- _How to complete this task_
The answer should hold only the lines from the beginning of the material through the one with "Seller Reference: CB4", reproduced exactly and without pictures.

- _Recorded information_
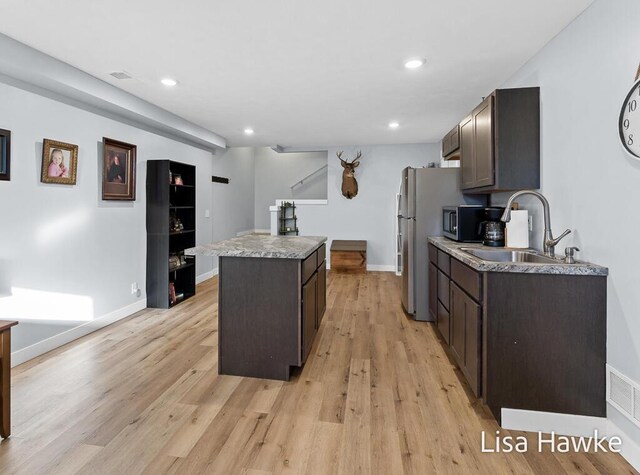 kitchen featuring sink, a kitchen island, dark brown cabinets, and light hardwood / wood-style flooring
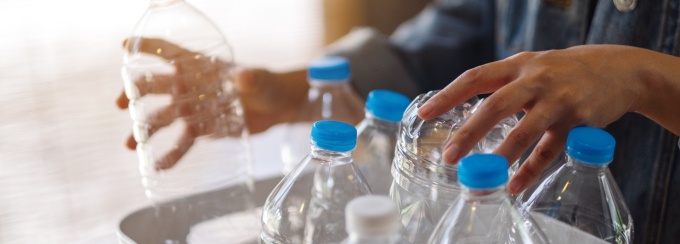 person packing water bottles into a box. 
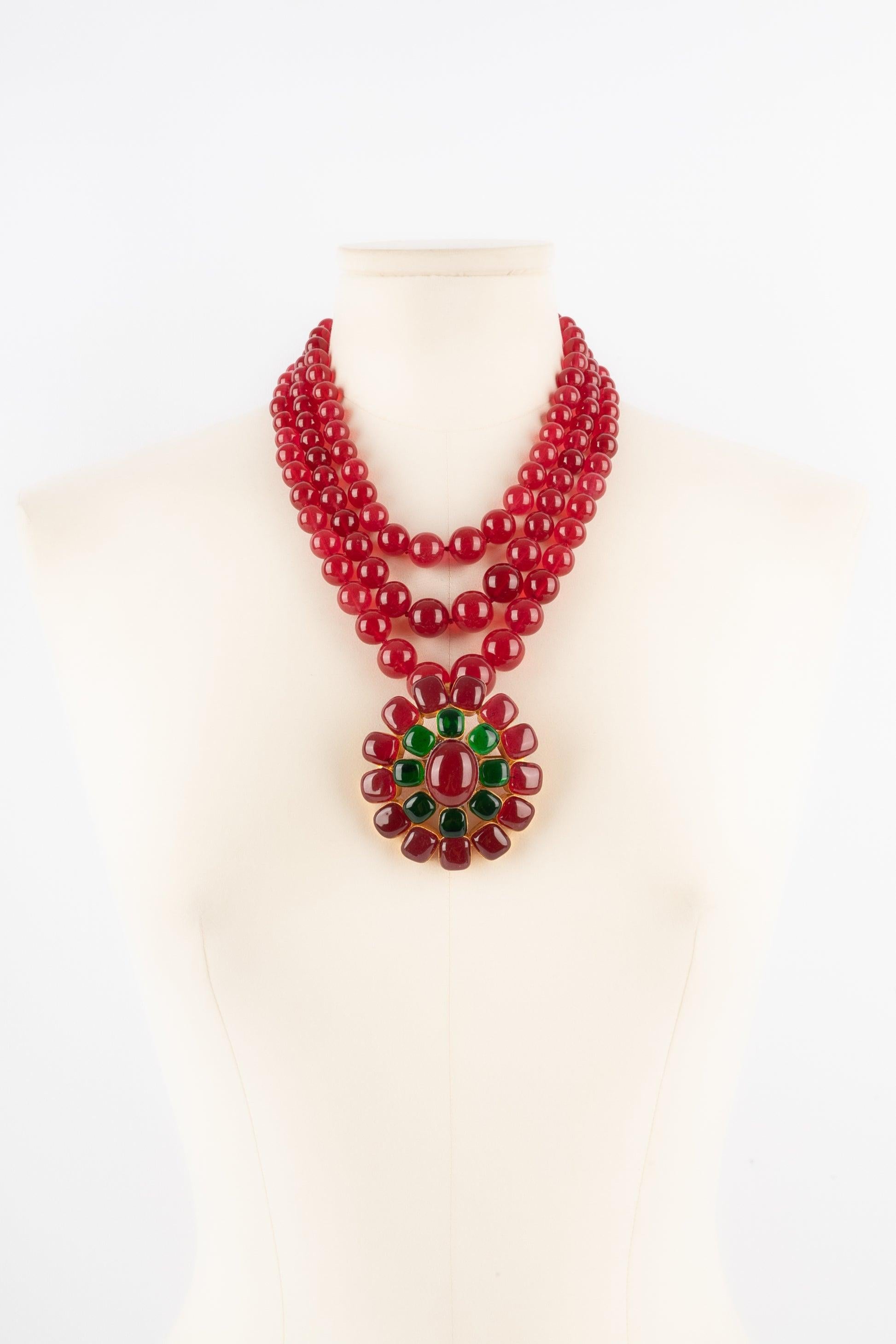 Chanel - (Made in France) Three-row red glass paste pearl necklace holding a golden metal pendant brooch with glass paste.

Additional information:
Condition: Good condition
Dimensions: Length: from 45 cm to 48 cm

Seller Reference: CB4
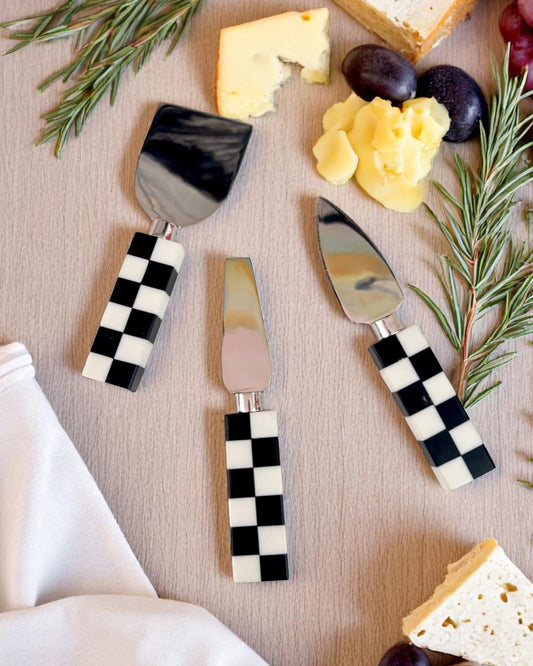 A set of cheese knives with black and white checkered handles, displayed alongside pieces of cheese and crackers.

- _Answer box_
 kitchen featuring sink, a kitchen island, dark brown cabinets, and light hardwood / wood-style flooring
 person packing water bottles into a box. 
 Chanel - (Made in France) Three-row red glass paste pearl necklace holding a golden metal pendant brooch with glass paste.

Additional information:
Condition: Good condition
Dimensions: Length: from 45 cm to 48 cm

Seller Reference: CB4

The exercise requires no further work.